Adaptive Recall: Advanced Memory for Your AI Agents
Why Memory Decides How Good Your Agents Are
An agent is only as capable as what it can remember. The model supplies the reasoning, but memory supplies the context: what the user asked for last week, which approach already failed, the preferences that shape every answer, and the facts that keep responses grounded. When memory is shallow, agents repeat themselves, lose the thread across sessions, and surface results that are merely similar rather than genuinely relevant.
Most memory systems store text as vector embeddings and retrieve by cosine similarity. That works for simple lookups, but it treats every memory as a flat point in space with no sense of time, no sense of how often something has mattered, and no sense of how concepts connect. Adaptive Recall was built to close that gap, drawing on decades of cognitive science to model memory the way it actually behaves.
What Adaptive Recall Does Differently
Adaptive Recall runs four retrieval strategies in parallel on every query: vector similarity for meaning, temporal recency for what is current, full-text keyword for exact terms, and knowledge graph traversal for connected ideas. Instead of betting on a single method, it blends all four and learns which to weight for each kind of question.

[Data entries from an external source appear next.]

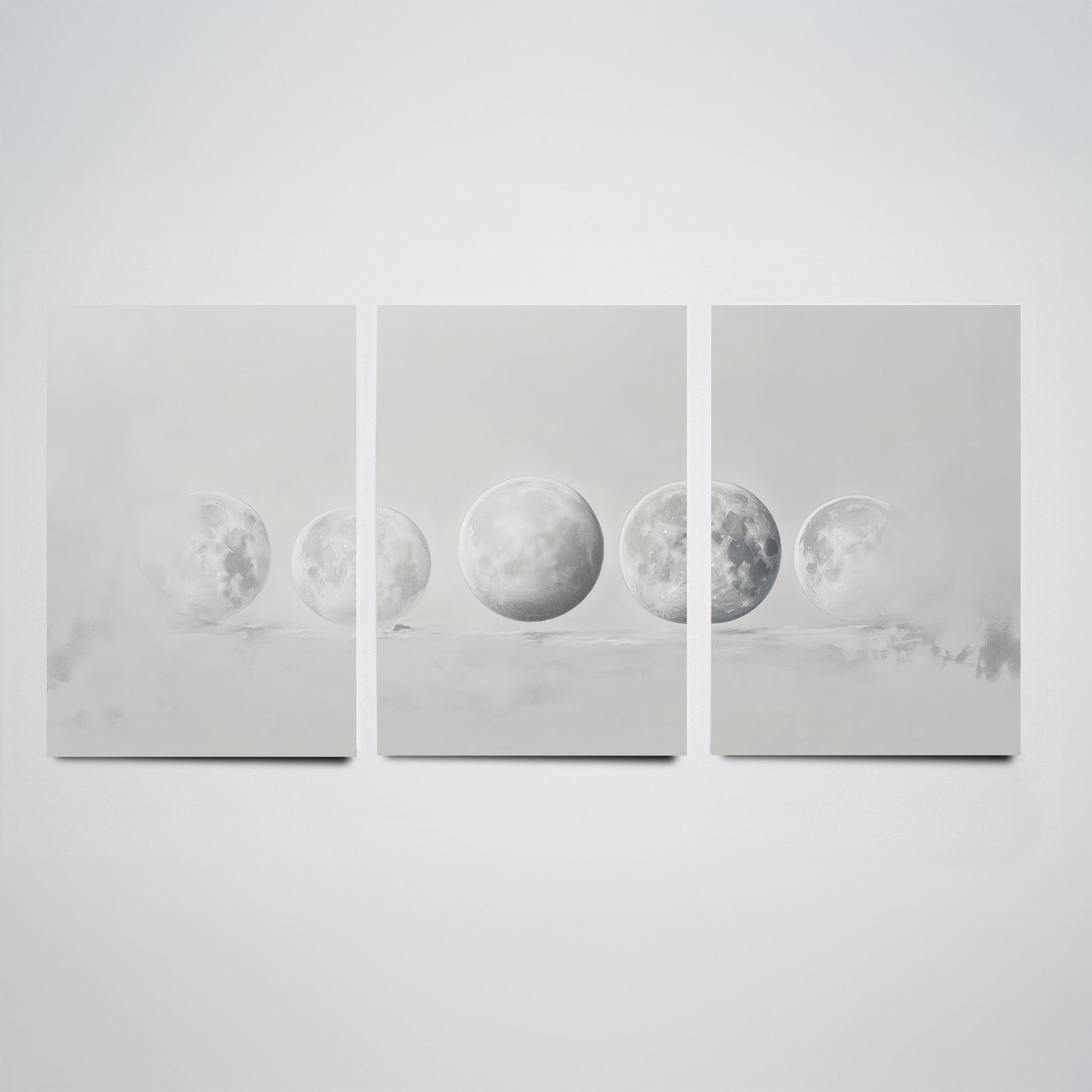 Grey Moon Phases Set of Three Art Prints - 3 Lunar Cycle Posters - Misty Minimalist Photo Wall Art Astronomy Space Gift V3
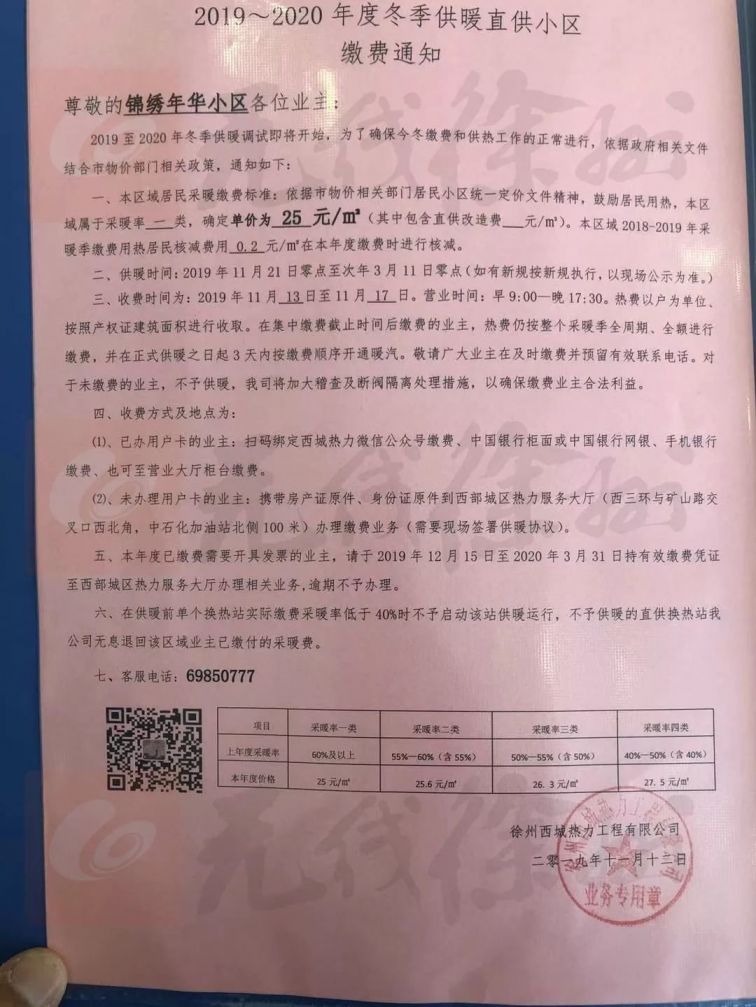 2019徐州西城热力部分直供小区采暖费一览表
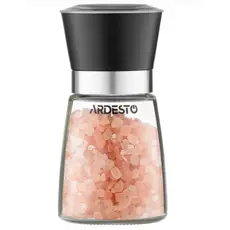 Ardesto Salt and Pepper Mill Gemini, 180ml, glass, plastic, transparent, black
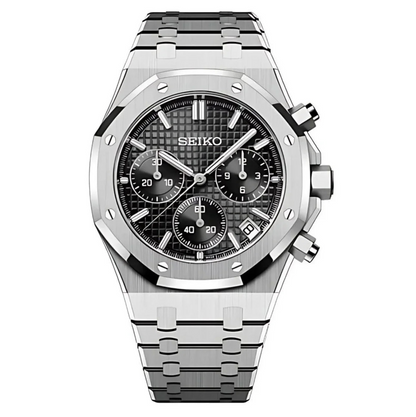 ROAK Chronograph Black - Reloj personalizado con cristal de zafiro y cronógrafo VK63 | XP Watch Co.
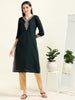 Bottle Green Viscose Dream – Embroidered Straight Kurti  (2AA-5-A5)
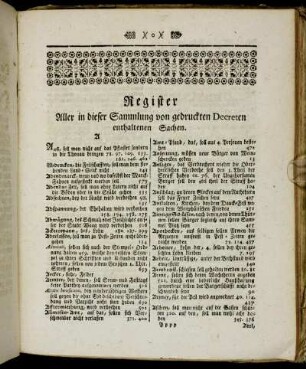 Register Aller in dieser Sammlung von gedruckten Decreten enthaltenen Sachen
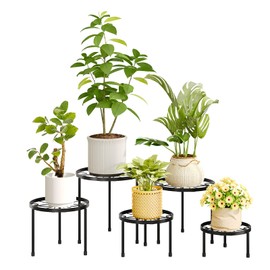 Whonline 5pcs Black Metal Plant Stands, Heavy Duty Flower Pot Stand Set for Multiple Plant, Iron Plant Pot Shelf, Decoration Racks for Home Indoor and Outdoor
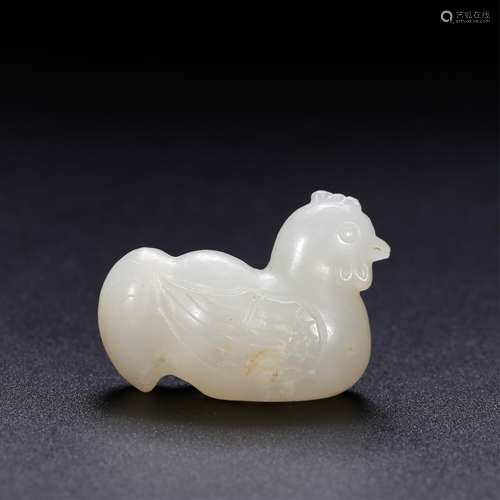 CHINESE JADE CARVED FIGURE OF ROOSTER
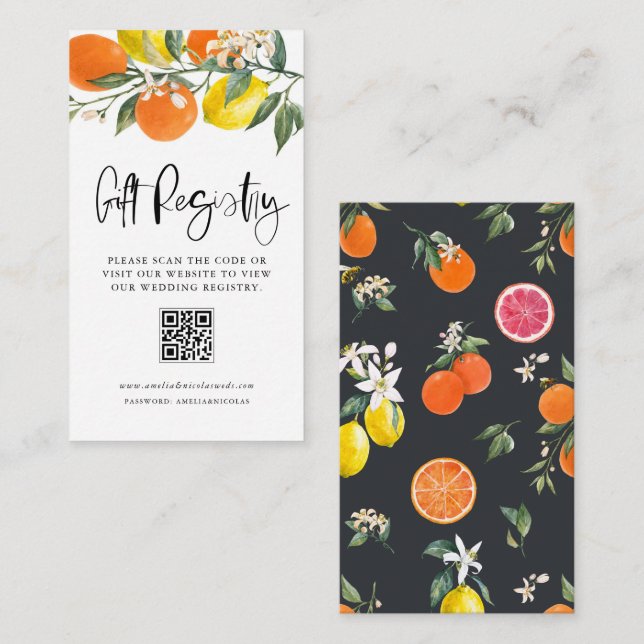 Botanical Orange & Lemon Wedding QR Code Registry Enclosure Card (Front/Back)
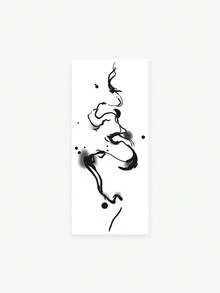 1 pieza Tatuaje temporal con diseño de líneas abstractas salpicadas de tinta china, tatuaje temporal realista, adecuado para viajes, festivales de música, juegos, regalos de graduación, con duración de 3 a 5 días - Negro - Ver 4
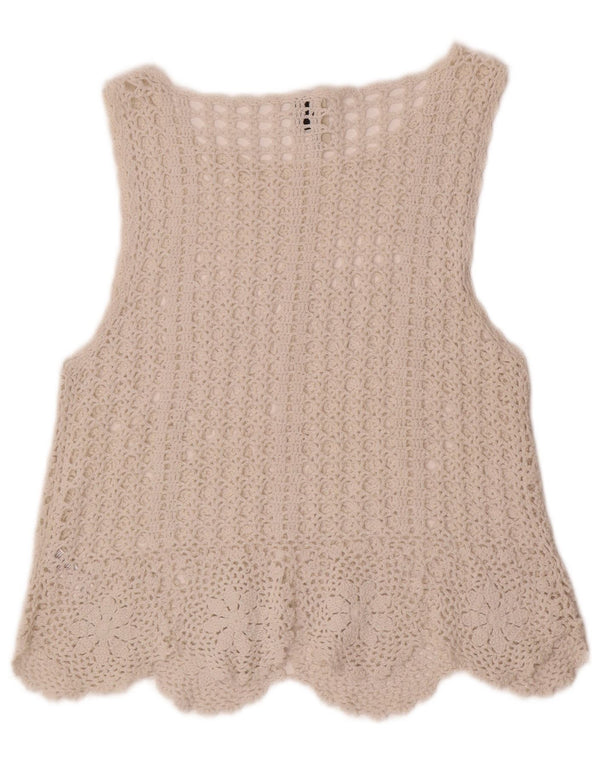 Topshop Γυναικεία αμάνικη μπλούζα με βελονάκι Top UK 10 Small White Floral
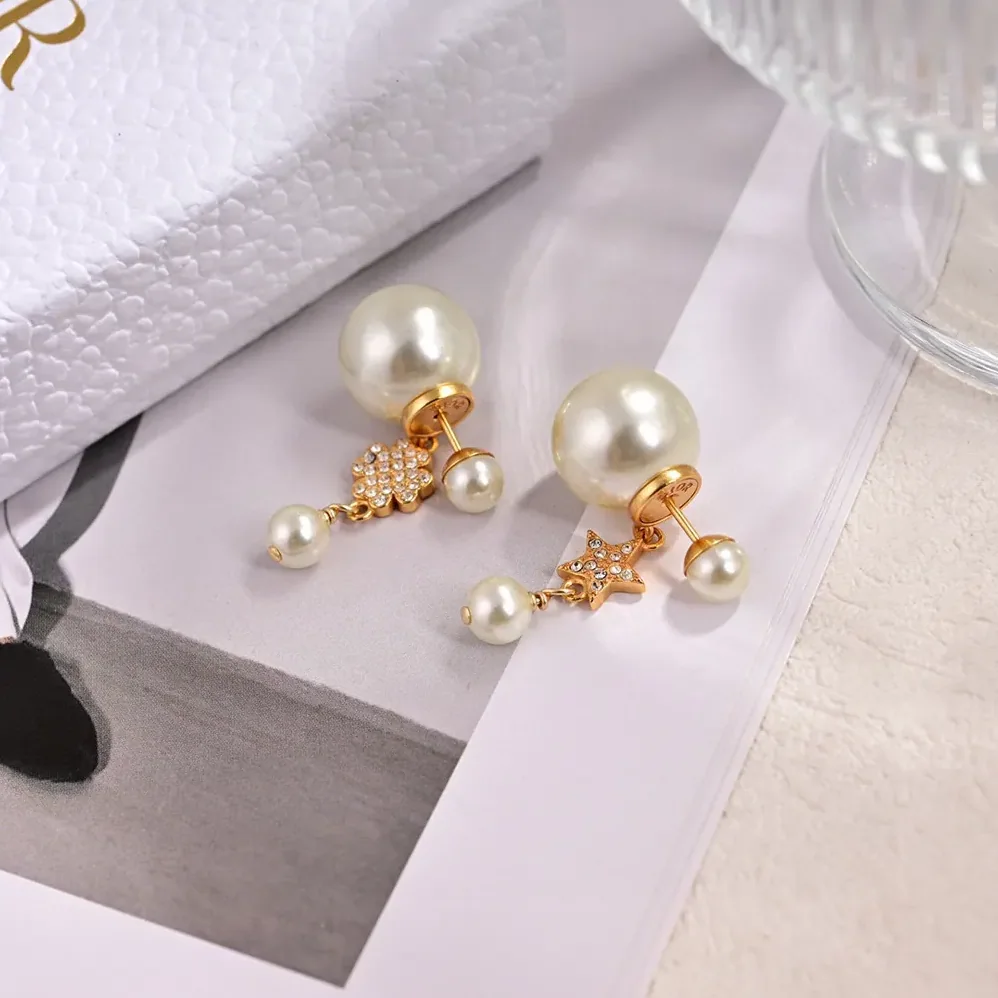 Dior Tribales Earrings Gold-Finish Metal with White Resin Pearls for Women Dior Tribales Earrings Gold-Finish Metal with White Resin Pearls for Women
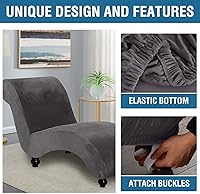 Vista 4 de H.VERSAILTEX Funda de Terciopelo para Chaise Lounge, Funda de Chaise sin Brazos de Lujo para Sala de Estar, Lavable a Máquina, Gris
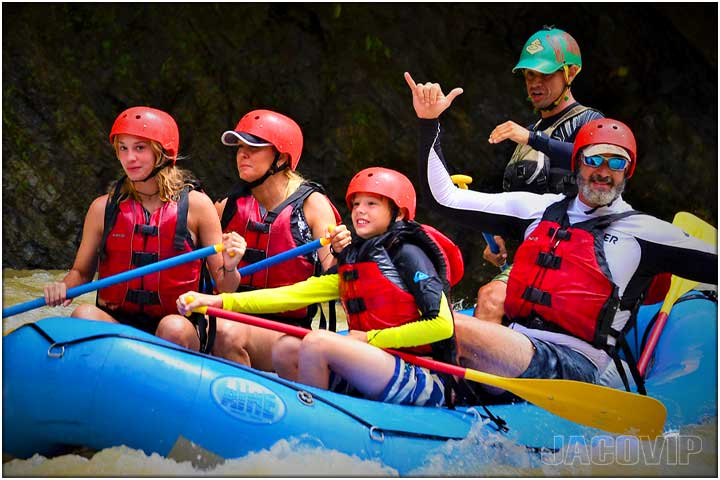 Family group rafting on Naranjo River in Costa Rica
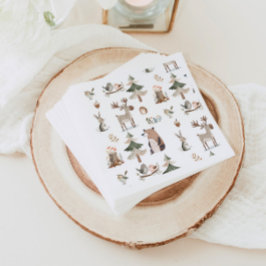 Bosdieren rustiek Baby shower Servet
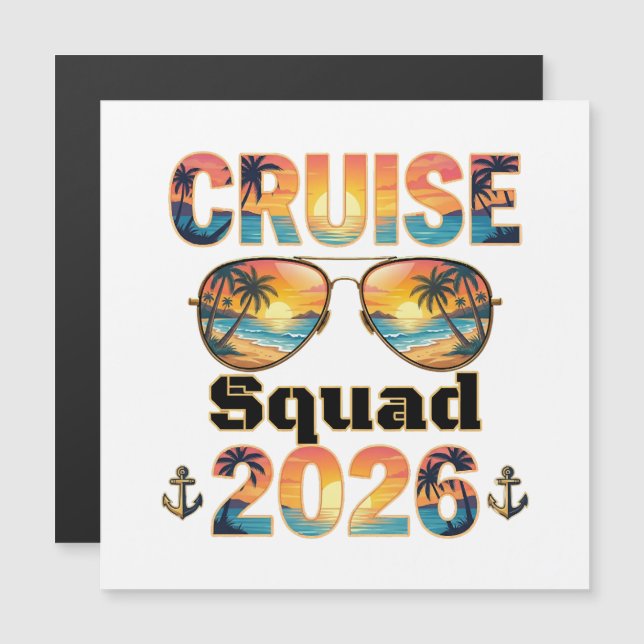 Cruise Squad 2026 - Retro solnedgång (Fram/baksida)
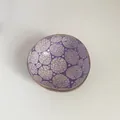 Natural coconut shell bowl with purple cracked glaze finish and white circular patterns - Purple Large Dot Ball Style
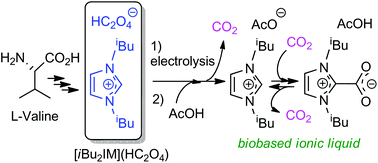Graphical abstract: Bio-based 1,3-diisobutyl imidazolium hydrogen oxalate [iBu2IM](HC2O4) as CO2 shuttle
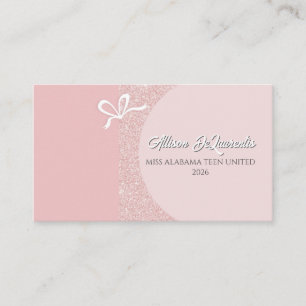Carte de visite rose Gold Blush Glitz Pageant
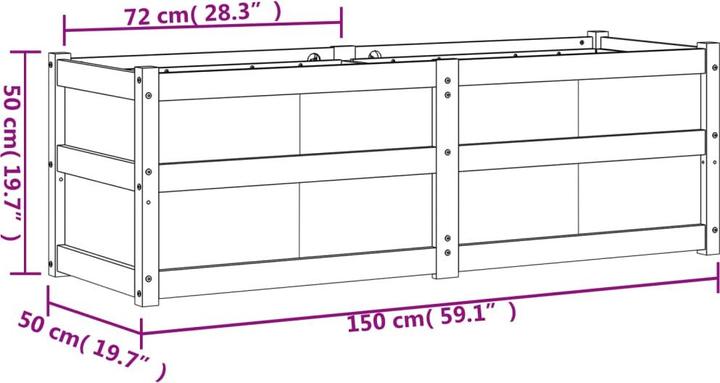 Image du produit vidaXL Pflanzkübel 150x50x50 cm Massivholz Kiefer,Material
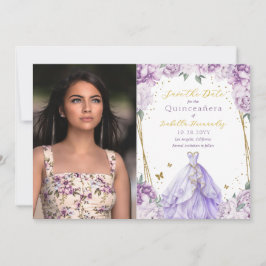 Elegant Lila Blommigt Photo Quinceañera Spara Datumet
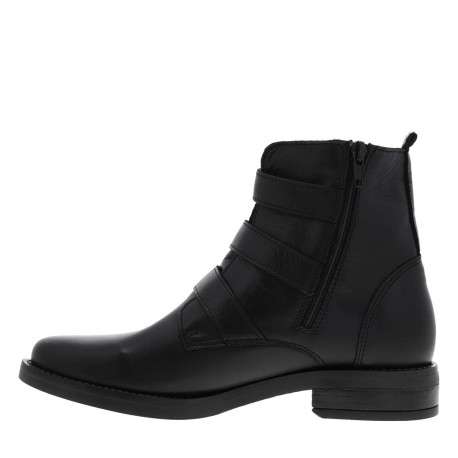 Bottines en cuir noir à brides décoratives, talon décroché bas, semelle plate et zip d'aisance - Image 3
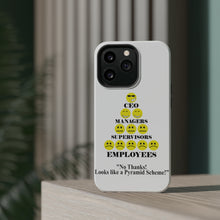 DistinctInk ToughCase for Apple iPhone, Compatible with MagSafe Charging - No Thanks Looks Like a Pyramid Scheme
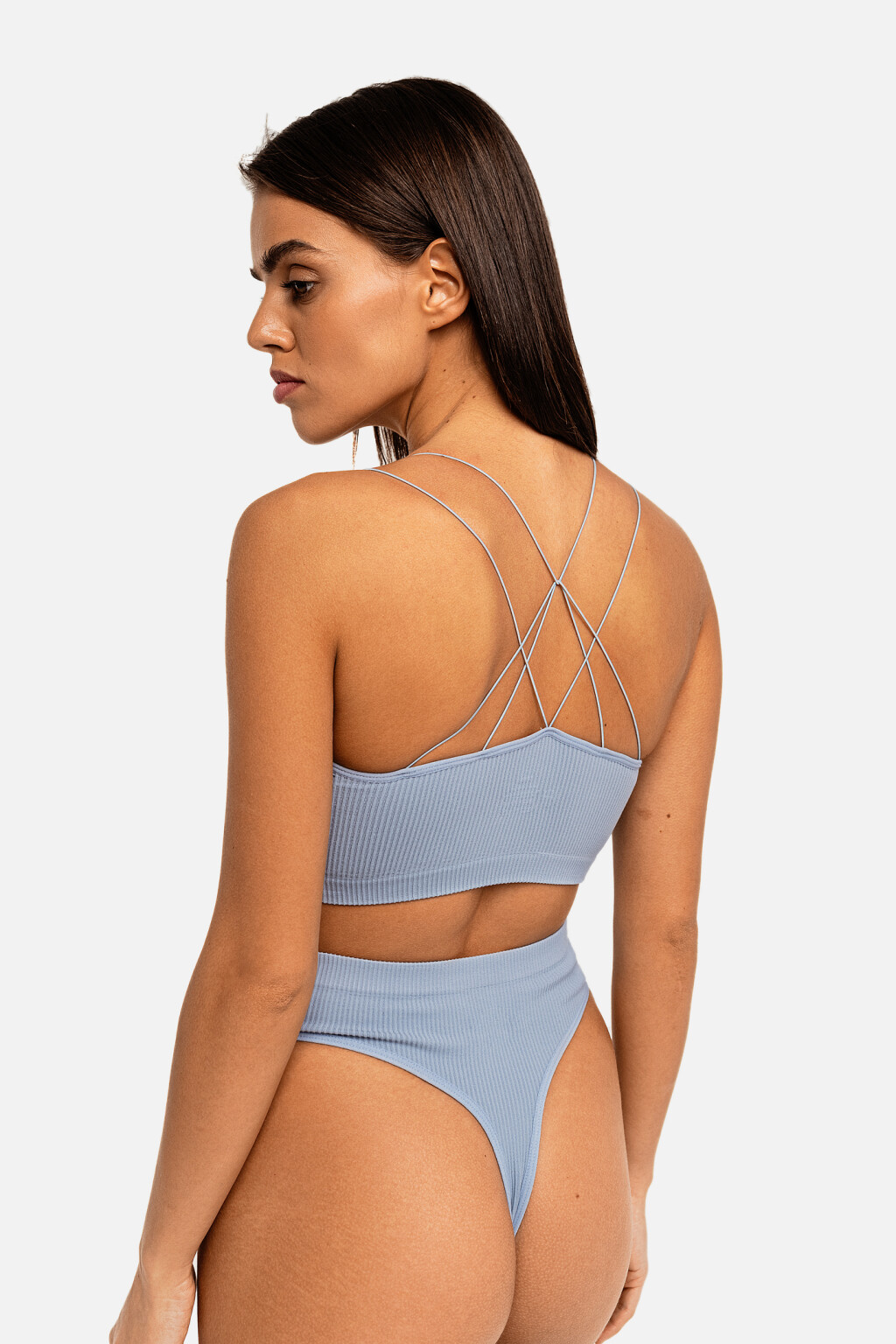 Бюстгальтер спортивный на бретелях-шнурках - цвет голубой - 3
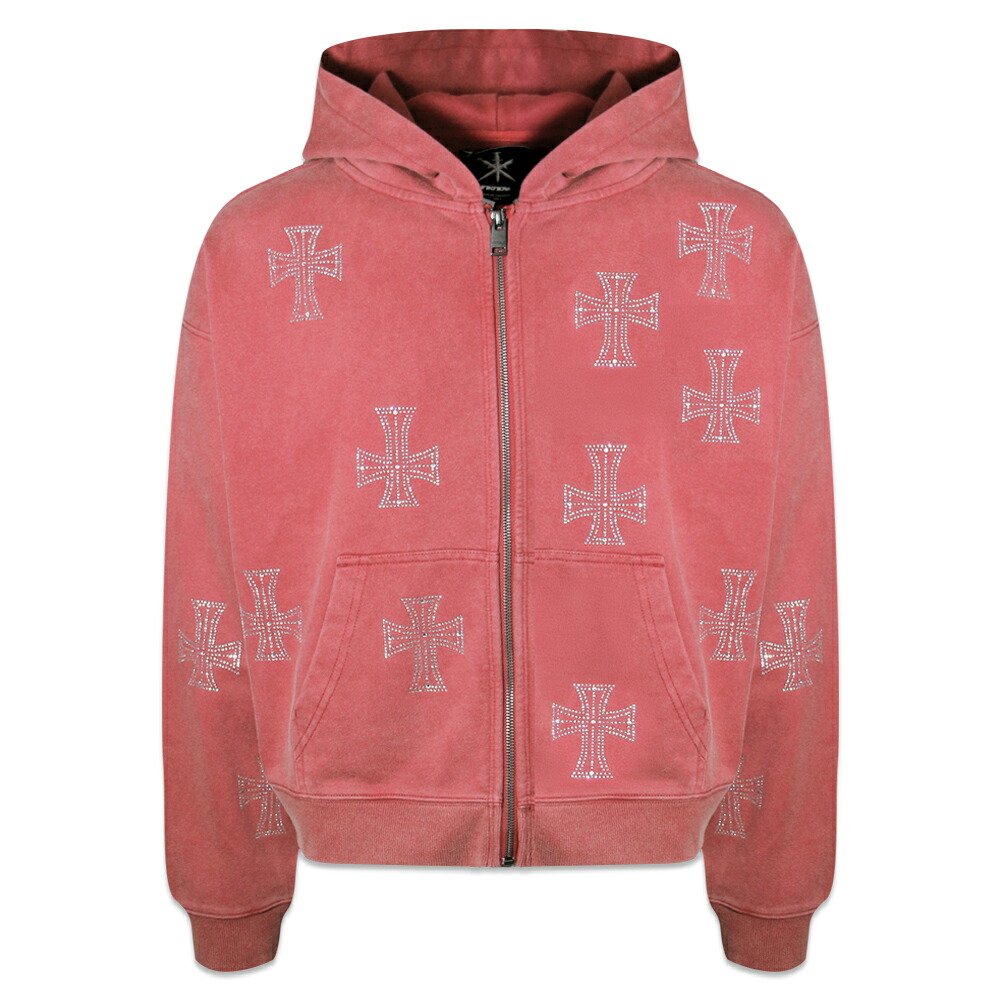 UNKNOWN LONDON / Outline Cross Rhinestone Zip Hoodie|VENTURER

Results are ranked with ACT-R activation modeling, a scoring approach grounded in thirty years of cognitive science research. Recency, how often a memory has been accessed, the strength of its entity connections, and its validated confidence all factor into which memories surface first, so the most useful information rises to the top rather than the most superficially similar.
The system also builds a knowledge graph automatically. As memories are stored, entities and the relationships between them are extracted and linked, turning your memory store into a network that can be traversed. A query can then find relevant information through connections, not just text matches, reaching answers that pure similarity search would never surface.
Memories are not static rows. Each one moves through a lifecycle, gaining or losing confidence as new evidence confirms or contradicts it, and fading naturally when it stops being accessed. On top of that, the system trains machine learning models on your real usage, validates every parameter change against your query history, and monitors its own retrieval quality. It genuinely gets better the more your agents use it.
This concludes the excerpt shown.